Data provided
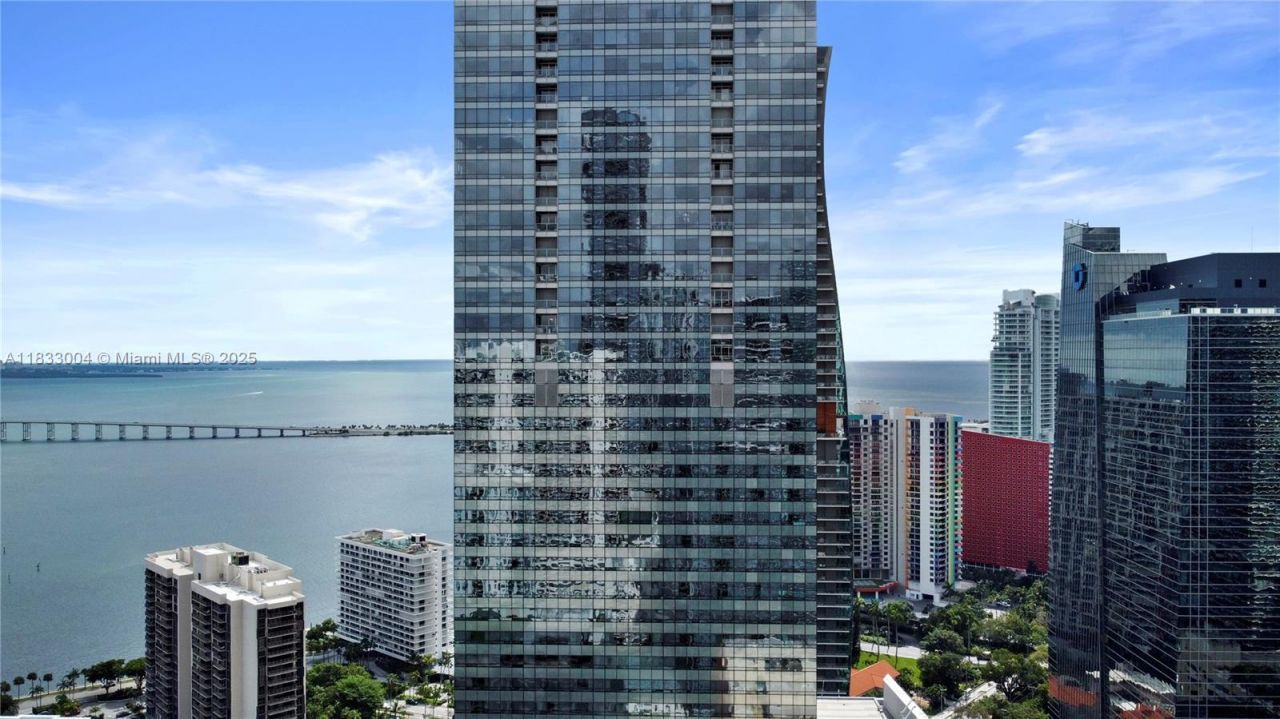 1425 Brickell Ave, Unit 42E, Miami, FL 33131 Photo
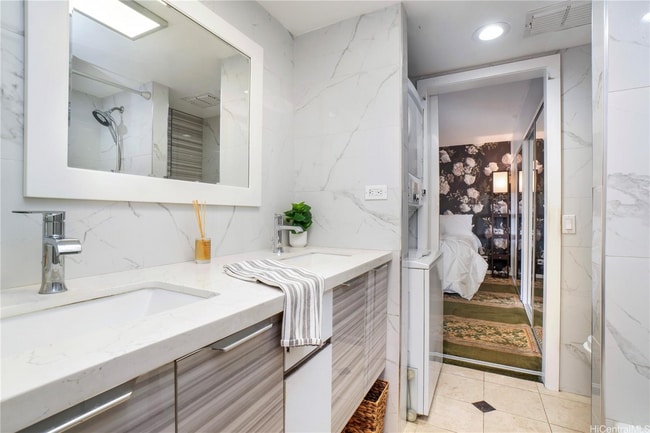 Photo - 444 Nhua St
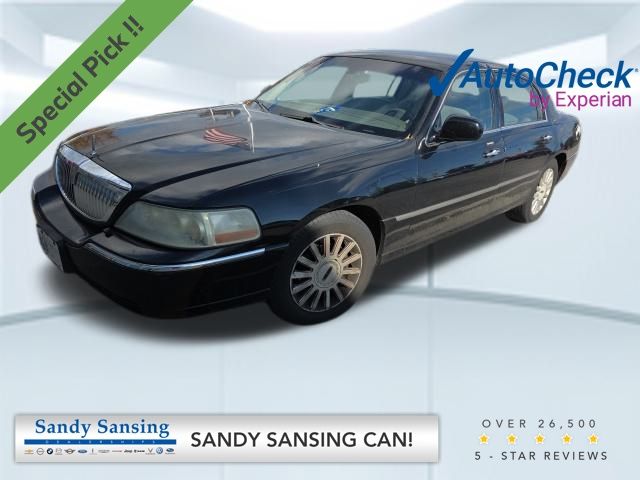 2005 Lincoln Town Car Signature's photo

Instructions for the task
This exercise asks for the data above to be given again exactly, without pictures.

Task output
 1425 Brickell Ave, Unit 42E, Miami, FL 33131 Photo
 Photo - 444 Nhua St
 2005 Lincoln Town Car Signature's photo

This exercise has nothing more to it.